The successor does, however, provide improved video capabilities. It now shoots 1080p at 60 frames per second in the more advanced AVCHD 2.0 and XAVC S formats. Previously, the predecessor could only shoot 1080p at the slightly dated AVCHD 1.0 format. The successor also delivers an almost 2x improvement in the bit rate as well, now 50 MBps compared to 28 MBps. Overall, the footage it offers is much improved, though subtle.

Both cameras do, however, have 29 minute and 59-second recording limits — the industry standard.


Both cameras have identical 117 point hybrid phase-detection AF systems, at least in terms of total point coverage. However, Sony has refined the technology in the new camera to provide a 30% increase in overall performance and a 50% increase, specifically in tracking. Though these specific figures Sony claims are hard to quantify during use, the difference is undoubtedly noticeable between both cameras. AF speed, consistency, and accuracy overall are greatly improved.

Battery Life

Both cameras use identical batteries, the NP-FW50 series, and their battery performance is mostly similar. Both cameras deliver approximately 350 shots per charge.

User Interface & Menus

The user interface is in menus are identical between both cameras.


Extra Features

The biggest separator, bar none, however, comes in the form of in-camera stabilization. The addition of image stabilization in the Mark II made for a first in a Sony E-mount camera and is its standout feature. The system itself provides up to 4.5 stops of stabilization. And, depending on your specific needs, can ultimately be the deal-breaker between both cameras.
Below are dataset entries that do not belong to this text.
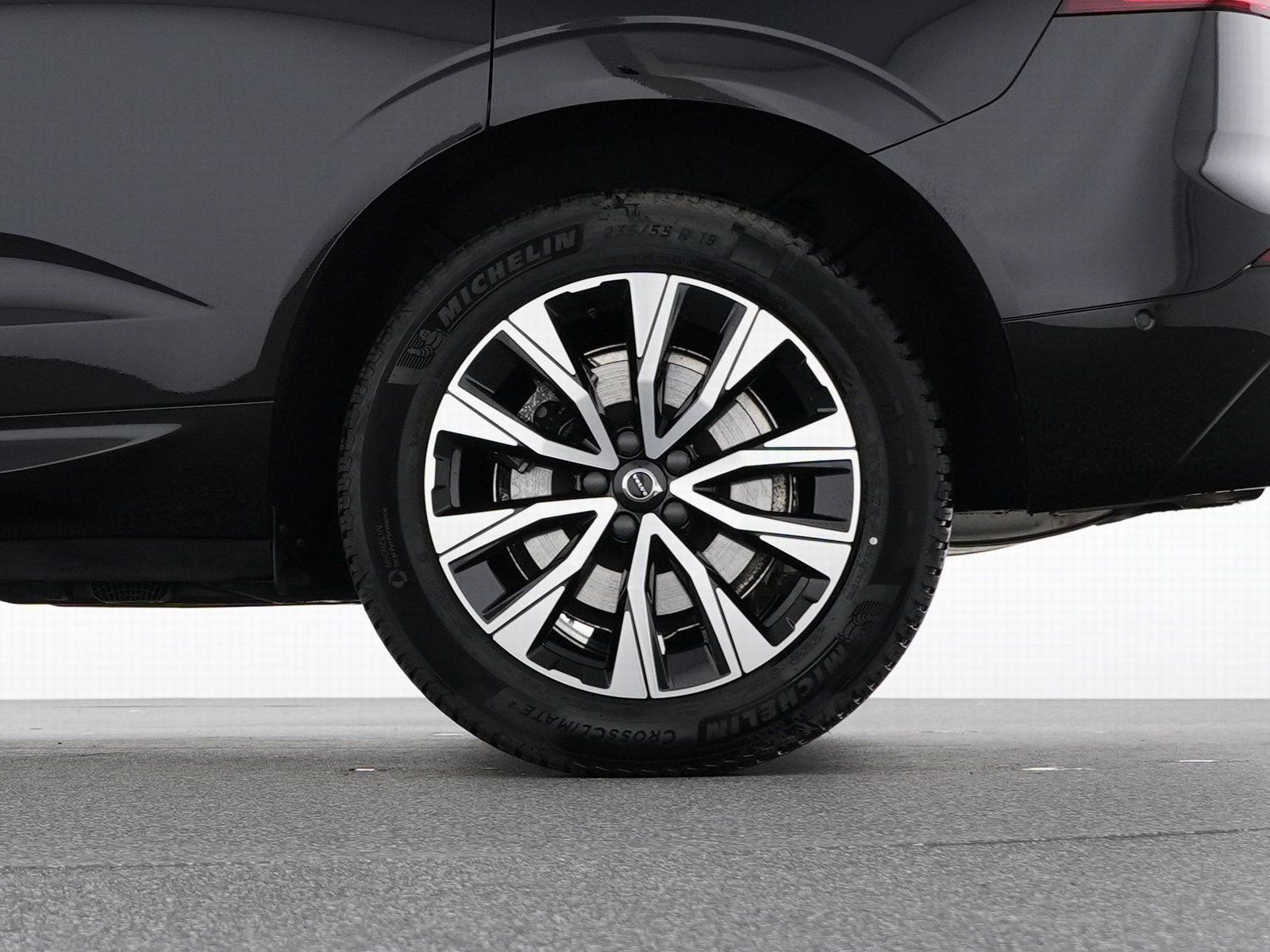 Volvo XC60 B5 Benzin AWD Plus Dark - Samsaru's Car Outlet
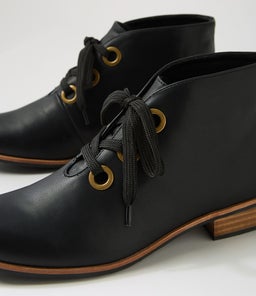 HISSEL IL BLACK SMOOTH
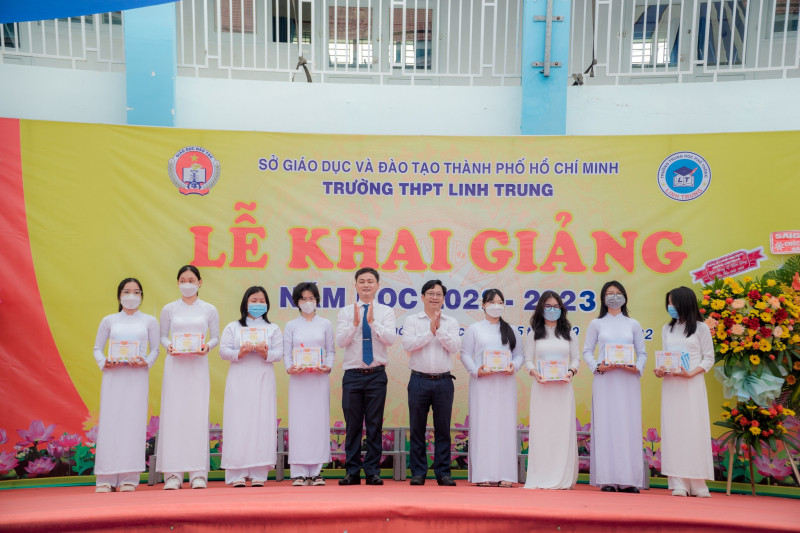 Lễ khai giảng Trường THPT Linh Trung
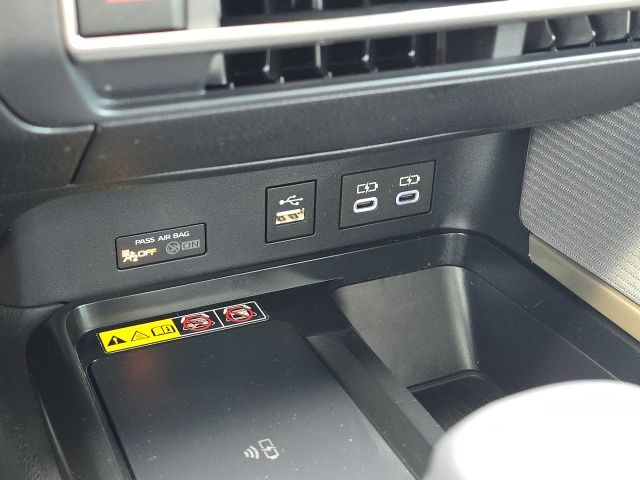 2025 Toyota Camry SE:B02318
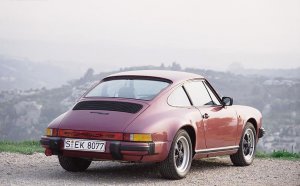 Porsche 911 (930)
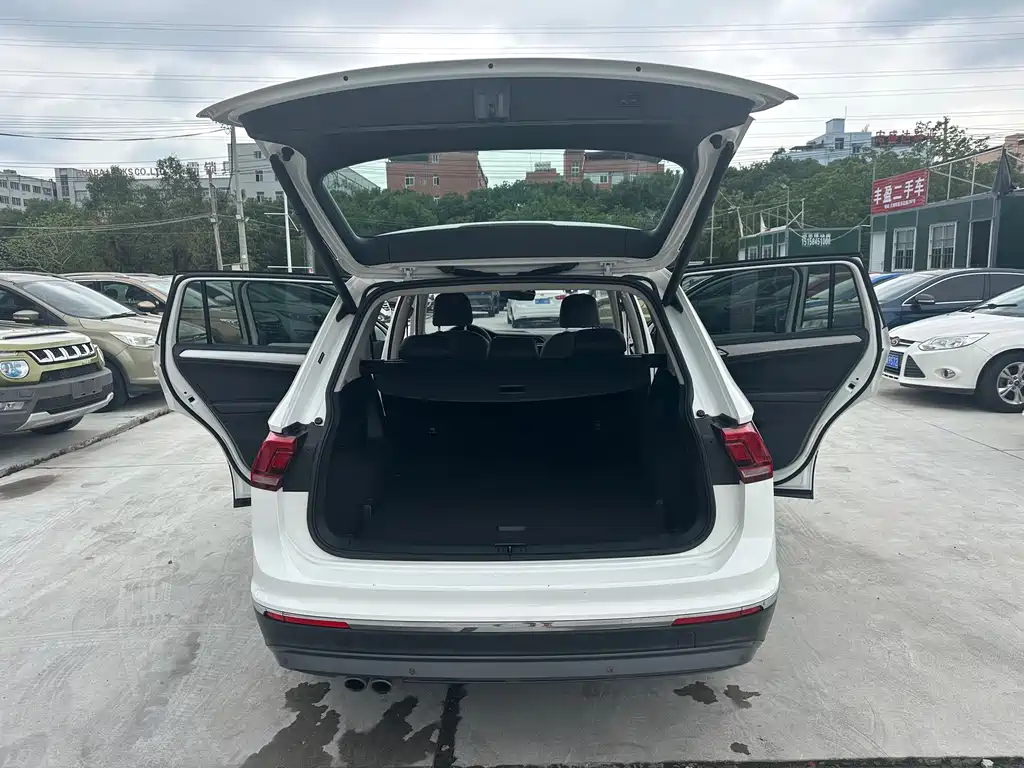 Volkswagen Tiguan L — миниатюра 10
  • Both cameras have identical continuous shooting speeds of 5 frames per second.
  • Both cameras are weather sealed.
  • Both cameras have Wi-Fi and NFC connectivity for pairing with a smartphone device for image transfer or remote shooting.
  • Both cameras have a microphone and headphone input.
  • Both cameras support USB charging.

Missing Features

Neither camera supports 4K UHD recording.

So which is best?

Well, in the end, the Sony A7 Mark II. But ultimately, the main reasons to purchase the new body are you want the following: image stabilization, better build quality, ergonomics, improved AF performance, or additional customization. If these features are not relevant to you, the Mark I is the better camera, considering the core functionality between both cameras is virtually identical.

The Mark II represented a foreshadowing of what was to become the newly released A7 Mark III ultimately. It’s far more of an incremental update rather than a revolutionary step in the a7 series lineup of cameras. But overall, it still makes the better choice considering these changes do make a difference in day to day shooting.